How to complete this task:
Below is a listing from which only part is wanted; return exactly the lines from the one with "Uludağ yolunda kontrolden" up to and including the one with "737 Jefferson Ave 305, Miami Beach FL 33139".

Exercise material:
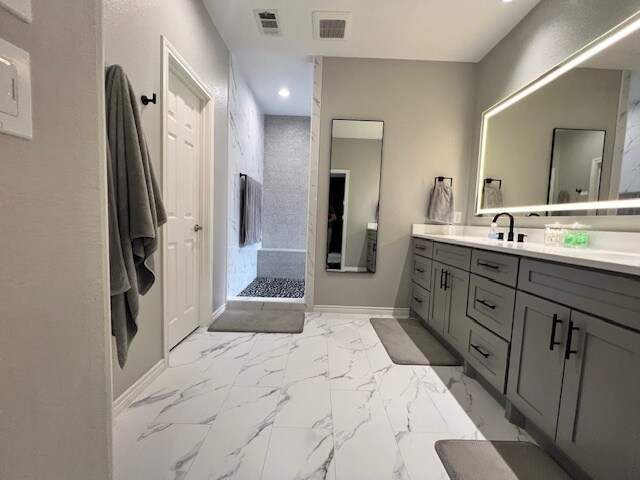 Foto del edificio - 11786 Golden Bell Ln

...

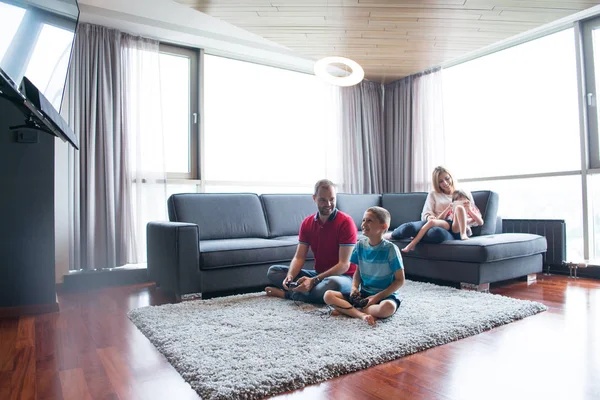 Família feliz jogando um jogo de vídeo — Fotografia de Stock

* * *

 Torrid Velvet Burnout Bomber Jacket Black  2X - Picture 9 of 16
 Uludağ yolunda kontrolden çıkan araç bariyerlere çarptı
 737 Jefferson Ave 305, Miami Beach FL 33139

Reply:
 Uludağ yolunda kontrolden çıkan araç bariyerlere çarptı
 737 Jefferson Ave 305, Miami Beach FL 33139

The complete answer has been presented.